In their defense, observers have said they only endorsed the voting process, not the election as a whole, congratulating Kenya for a peaceful and orderly election day. The heads of the observer missions said in a joint statement the day after the vote, “It is important to remind all stakeholders that the electoral process is still ongoing.” They called on Kenya’s electoral commission to continue the tallying with “full integrity and transparency so that all Kenyans can trust the announced results.”
For many Kenyans, especially those who support Odinga, this is still problematic. Observer statements were cited by Kenyatta’s Jubilee party as proof of a clean election. Meanwhile, Odinga was pressured to concede for the sake of stability. “Observers have been cleansing electoral malpractices in Kenya and Africa by basing research on the voting day, yet [an] election is a process,” says Dennis Owino, a governance analyst in Nairobi.
A consistent criticism of election observers is that they focus too much on the day of the election, looking out for things like voter intimidation or ballot box stuffing, a method most monitors say is outdated.
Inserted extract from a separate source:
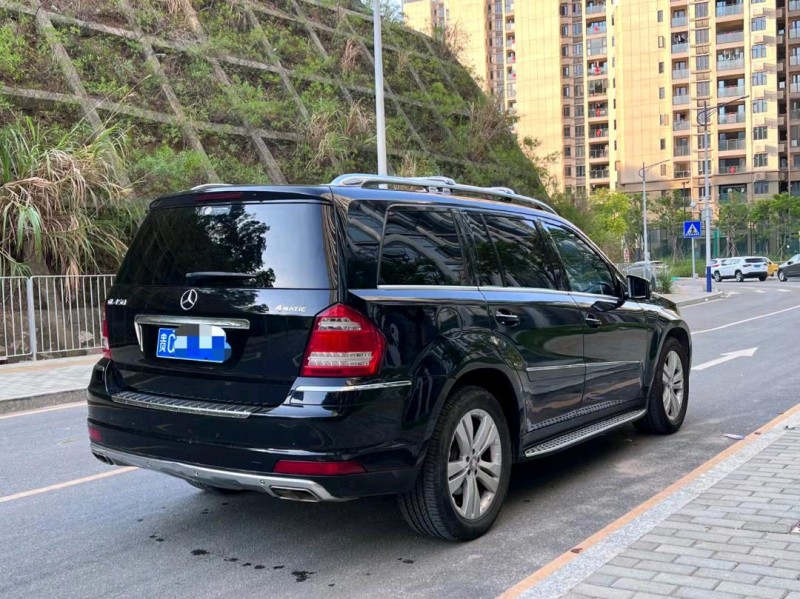 广州13年奔驰GL7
During the vote in Kenya, observers did not see how the results were transmitted, accepting the electoral commission’s promise that the results would be verified.
It’s an example, according to Calestous Juma, a professor of science and technology at Harvard University, of how democratic practices haven’t caught up with technology. “It is ironic that it is in Africa that technology is tripping Western election observers. Just like elections have gone digital so must observation be modernized to adapt to modern times,” Juma says.
“It is ironic that it is in Africa that technology is tripping Western election observers.”
Yet, questions about the role of observer missions go beyond Kenya’s recent use of electronic voting systems. International monitors also endorsed Kenya’s 1997 and 2013 presidential elections, even though the opposition raised issues about the integrity of both elections. In Rwanda, human rights researchers found cases of voter intimidation and repression of opposition candidates during its August election, which Paul Kagame won easily. In a statement, European observers said the poll was a “step to strengthen the electoral process.”
In Uganda, where President Yoweri Museveni was re-elected last year amid a social media blackout, violence, and contradictory vote counts, the EU mission neither endorsed nor condemned the election. Instead it urged the public to read its report and “draw their own conclusions.”
“For several years, election observers’ main audience has been the international community, rather than the population whose election they are monitoring,” says Emma Gordon, senior East Africa risk analyst at the UK-based consultancy Maplecroft. “Across the continent, there are examples of observers describing elections as broadly free and fair, when there is a perception domestically that rigging occurred.”
There are other factors at play. According to Kelley, monitors are more likely to endorse elections of countries that are major foreign aid recipients. Kenya, one of the US’s closest allies on the continent, received more than $500 million in United States Agency for International Development (USAID) funding last year.
More importantly, Kenya’s annulled election underscores the fact that election observing is imperfect. Observer missions are usually made up of small teams, constrained by logistics and time. “Expectations of observers have always been unrealistically high,” says Kelley.
Short-term observers in Kenya did, in fact, monitor the entire August poll, from the opening and closing of poll stations, to the voting, counting, and tallying. By that point, many observers had been working for more than 30 hours. One observer told Quartz. “I’m not saying I saw fraud. I didn’t. I just saw confusion and very tired staff.”